In April of this year, more than 60 BDS employees hand delivered a petition, urging management to come to the bargaining table. Since then, management has not only refused to negotiate a decent contract but has taken a step back and started to only offer “interim agreements” designed to maintain the status quo while pushing a full comprehensive bargaining agreement even further off to the horizon.
Picketing workers chanted classic pro union slogans including “What’s disgusting? Union busting!” along with some new and BDS-specific chants: “Maybe we wouldn’t quit – if our healthcare wasn’t shit!” “BDSers must unite! A contract is our labor right!” and “Burnout is the status quo! Sky-high caseloads have to go!”
Speakers included attorneys from BDS’ criminal defense and family defense teams, as well as union staff. One BDS senior staff attorney emphasized the dangers of burnout and high turnover stating, “Higher turnover definitely makes it harder to sustain our work – if BDS management would come to the table and agree to a good faith contract, maybe less of us would be forced to find work elsewhere. Everyone I know at BDS does this work because they believe in it, but instead of supporting us however possible, our management seems intent on ignoring us.”

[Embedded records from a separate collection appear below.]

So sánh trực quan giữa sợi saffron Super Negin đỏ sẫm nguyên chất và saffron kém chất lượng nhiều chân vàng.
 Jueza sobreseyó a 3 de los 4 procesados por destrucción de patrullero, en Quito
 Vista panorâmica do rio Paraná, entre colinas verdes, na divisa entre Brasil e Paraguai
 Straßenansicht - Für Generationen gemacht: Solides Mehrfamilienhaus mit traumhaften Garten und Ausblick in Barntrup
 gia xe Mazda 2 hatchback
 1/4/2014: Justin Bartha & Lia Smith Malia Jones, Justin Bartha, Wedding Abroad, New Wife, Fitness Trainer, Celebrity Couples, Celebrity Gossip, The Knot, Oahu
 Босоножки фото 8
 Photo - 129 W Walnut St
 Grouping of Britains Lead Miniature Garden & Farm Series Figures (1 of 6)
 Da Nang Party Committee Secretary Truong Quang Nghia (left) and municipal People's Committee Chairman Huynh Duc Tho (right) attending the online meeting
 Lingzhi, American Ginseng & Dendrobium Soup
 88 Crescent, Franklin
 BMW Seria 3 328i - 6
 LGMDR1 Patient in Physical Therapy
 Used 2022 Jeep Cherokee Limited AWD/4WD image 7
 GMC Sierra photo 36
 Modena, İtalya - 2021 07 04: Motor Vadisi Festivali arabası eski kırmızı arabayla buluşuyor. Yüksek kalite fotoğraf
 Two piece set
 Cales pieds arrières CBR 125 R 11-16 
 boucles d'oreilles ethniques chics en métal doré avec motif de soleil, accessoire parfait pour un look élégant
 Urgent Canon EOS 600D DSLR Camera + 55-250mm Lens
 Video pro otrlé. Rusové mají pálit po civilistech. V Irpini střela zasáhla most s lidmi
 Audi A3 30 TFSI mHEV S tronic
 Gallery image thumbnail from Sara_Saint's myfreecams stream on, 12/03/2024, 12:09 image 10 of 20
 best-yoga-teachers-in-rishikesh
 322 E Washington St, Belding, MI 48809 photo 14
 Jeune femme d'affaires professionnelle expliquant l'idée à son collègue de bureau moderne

The BDS picket line is only the latest in a wave of labor actions targeting legal aid organizations. Up until recently, there was a very popular, incorrect idea among legal workers – the belief that attorneys, paralegal, social workers, and other support staff were somehow different from the people they represent and did not need a union of their own. But on July 26, more than 100 legal workers in one of the largest cities in the country raised their voices to demand their rights as workers, and as union members.